Parents are being encouraged to recognise the symptoms of a viral infection after an increase of cases affecting babies and children under two in Hull.
Hull University Teaching Hospitals NHS Trust has seen an increase in the number of children admitted to Hull Royal Infirmary this month with respiratory syncytial virus (RSV).
The virus can be breathed in when an infected person coughs or sneezes. Younger children can also pick up RSV from a toy infected with the virus, which can survive on a surface for 24 hours, and then rubbing their eyes, mouth or nose.
Senior Matron Vanessa Brown said: “We start seeing more and more cases of RSV at this time of the year and we are already seeing an increase in admissions of very young children.
“While the vast majority of children will only experience unpleasant symptoms for a few days, RSV can be more serious for those with existing health conditions, the very young or those who were born prematurely.
“Parents can help prevent their child catching RSV in the first place by taking a few simple steps and recognising the symptoms can help you cope with what can be an anxious time.
“While antibiotics won’t help your child, there are steps you can take to make them more comfortable and help them recover well within days.”
What is RSV?
It’s a common virus which almost all children will have caught by the time they reach the age of two. It can lead to bronchiolitis in babies and younger children although it normally only causes a cough or cold in older children and adults. Outbreaks are seasonal, usually occurring between November and January and peaking just before Christmas, although sporadic cases are seen year-round.
How can my baby catch RSV?
When an infected person coughs or sneezes, tiny droplets of the virus are released into the air, affecting those who breathe in the droplets. Those droplets can also land on surfaces such as toys and survive for 24 hours, meaning they can be passed onto a child’s hand. If they rub their eyes, nose or touch their mouth, they can be infected.
A child with RSV can remain infectious and so infect other children for three weeks, even if symptoms have disappeared.
How does it make you ill?
RSV is a respiratory infection which enters the system through the windpipe. It then works its way into the lungs and causes the smallest airways in the lungs, known as the bronchioles, to become swollen. More mucus is produced which can lead to the airways becoming blocked, making breathing difficult for children who already have smaller airways.
Does anything increase my child’s chances of bronchiolitis?
Yes. Children who are bottlefed or have been breastfed for less than two months are more likely to develop bronchiolitis if they catch RSV. They’re also more likely to develop it if their parents smoke or they have been exposed to smoke, if they attend nursery or have older brothers or sisters who attend nursery and so have more chance of coming into contact with the virus.

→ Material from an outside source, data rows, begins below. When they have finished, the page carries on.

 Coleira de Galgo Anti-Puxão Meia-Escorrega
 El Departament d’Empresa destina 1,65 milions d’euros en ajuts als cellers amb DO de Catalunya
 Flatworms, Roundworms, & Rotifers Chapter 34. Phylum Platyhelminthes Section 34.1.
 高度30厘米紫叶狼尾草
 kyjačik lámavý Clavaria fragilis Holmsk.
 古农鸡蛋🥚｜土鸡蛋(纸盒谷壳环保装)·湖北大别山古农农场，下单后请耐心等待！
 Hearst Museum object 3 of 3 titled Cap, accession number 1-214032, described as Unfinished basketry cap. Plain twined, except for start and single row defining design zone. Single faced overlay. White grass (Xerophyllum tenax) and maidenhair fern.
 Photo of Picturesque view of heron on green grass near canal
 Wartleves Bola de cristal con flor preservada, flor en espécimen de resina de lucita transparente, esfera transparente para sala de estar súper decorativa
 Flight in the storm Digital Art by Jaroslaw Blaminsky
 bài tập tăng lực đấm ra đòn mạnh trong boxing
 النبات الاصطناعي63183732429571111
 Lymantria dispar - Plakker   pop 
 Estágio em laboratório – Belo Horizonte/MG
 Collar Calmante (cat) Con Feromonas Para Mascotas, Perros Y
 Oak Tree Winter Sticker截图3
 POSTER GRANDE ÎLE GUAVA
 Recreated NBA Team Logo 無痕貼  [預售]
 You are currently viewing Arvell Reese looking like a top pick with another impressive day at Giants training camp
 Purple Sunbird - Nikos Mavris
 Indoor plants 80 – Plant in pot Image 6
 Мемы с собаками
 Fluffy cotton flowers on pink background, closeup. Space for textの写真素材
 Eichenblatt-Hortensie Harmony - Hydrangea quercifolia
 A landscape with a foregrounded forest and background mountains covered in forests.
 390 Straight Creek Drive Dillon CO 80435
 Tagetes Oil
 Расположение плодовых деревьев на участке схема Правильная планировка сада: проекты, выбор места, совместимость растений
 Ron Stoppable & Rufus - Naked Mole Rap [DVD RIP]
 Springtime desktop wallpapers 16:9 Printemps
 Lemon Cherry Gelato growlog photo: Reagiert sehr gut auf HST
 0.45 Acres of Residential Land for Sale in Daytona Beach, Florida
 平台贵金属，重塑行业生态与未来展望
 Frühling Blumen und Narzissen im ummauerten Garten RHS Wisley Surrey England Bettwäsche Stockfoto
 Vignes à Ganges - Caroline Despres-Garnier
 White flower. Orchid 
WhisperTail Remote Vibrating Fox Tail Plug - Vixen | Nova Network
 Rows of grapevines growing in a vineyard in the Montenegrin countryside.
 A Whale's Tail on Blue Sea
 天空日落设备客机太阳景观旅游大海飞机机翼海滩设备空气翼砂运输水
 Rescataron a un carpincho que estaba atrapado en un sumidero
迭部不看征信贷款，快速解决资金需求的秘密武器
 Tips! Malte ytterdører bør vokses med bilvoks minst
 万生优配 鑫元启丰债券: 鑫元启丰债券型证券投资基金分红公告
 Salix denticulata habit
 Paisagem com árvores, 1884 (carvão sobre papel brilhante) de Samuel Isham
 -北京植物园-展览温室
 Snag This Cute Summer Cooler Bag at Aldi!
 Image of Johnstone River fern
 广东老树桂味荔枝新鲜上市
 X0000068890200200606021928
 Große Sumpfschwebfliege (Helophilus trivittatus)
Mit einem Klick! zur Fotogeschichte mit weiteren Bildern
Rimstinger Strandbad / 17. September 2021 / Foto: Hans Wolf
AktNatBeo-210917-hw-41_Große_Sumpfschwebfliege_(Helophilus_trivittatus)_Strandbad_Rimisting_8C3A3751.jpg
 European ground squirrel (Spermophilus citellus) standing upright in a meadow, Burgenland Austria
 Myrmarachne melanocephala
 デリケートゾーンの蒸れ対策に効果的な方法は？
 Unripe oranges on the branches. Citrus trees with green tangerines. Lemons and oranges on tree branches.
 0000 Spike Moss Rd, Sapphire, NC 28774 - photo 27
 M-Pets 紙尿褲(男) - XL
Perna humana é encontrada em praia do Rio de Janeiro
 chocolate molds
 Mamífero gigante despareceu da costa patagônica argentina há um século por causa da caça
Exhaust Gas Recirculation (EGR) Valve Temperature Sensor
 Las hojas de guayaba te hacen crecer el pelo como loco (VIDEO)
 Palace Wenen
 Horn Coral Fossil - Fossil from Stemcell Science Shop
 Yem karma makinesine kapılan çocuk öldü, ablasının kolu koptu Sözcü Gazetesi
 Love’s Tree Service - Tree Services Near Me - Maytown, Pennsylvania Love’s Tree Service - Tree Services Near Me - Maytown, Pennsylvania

Children who are under eight weeks old, have congenital heart disease, were premature or have chronic lung disease of prematurity are at increased risk of developing more severe bronchiolitis.
Looking after your child at home
As it’s a virus, antibiotics won’t help your child. However, you can help ease milder symptoms and avoid spreading the virus to other children by keeping them at home and away from nursery or day care
Check on them regularly throughout the night and keep them upright to make their breathing easier. Give them smaller feeds more regularly.
Don’t make your home too hot as it can dry out the air and use a dehumidifier if you have one to keep the air moist.
Ensure your child is kept away from cigarette smoke and, if they are old enough, give them paracetamol or ibuprofen to reduce high temperatures.
How do I know if it’s serious?
Most children only have mild symptoms and recover within two to three weeks. However, some signs such as breathing difficulties can indicate more serious problems.
Early signs of bronchiolitis are similar to a cold, such as a blocked or runny nose, a cough and a slight fever. However, they can develop over the next few days to include a rasping or persistent dry cough, rapid breathing or wheezing, brief pauses in breathing, reduced feeding and fewer wet nappies, vomiting after feeds and irritability.
Symptoms peak between day three and five before improving although the cough can last for three weeks.
When should I seek help?
See your GP if your child has taken less than half of their normal feed during the last two to three feeds, hasn’t had a wet nappy for 12 hours or more and is breathing very fast. If they seem very tired or irritable and have a persistent high temperature of 38 degrees or above, contact your GP.
You need to call 999 if your child has difficulty breathing or suffers exhaustion from the efforts of trying to breathe. You’ll recognise this if the muscles under their rubs are sucking in with each breath, they grunt from the effort or they become pale and sweaty. You also need an ambulance if you can’t wake your child or they can’t stay awake, their breathing stops for a long time or their skin turns very pale or blue or the inside of their lips and tongue are blue.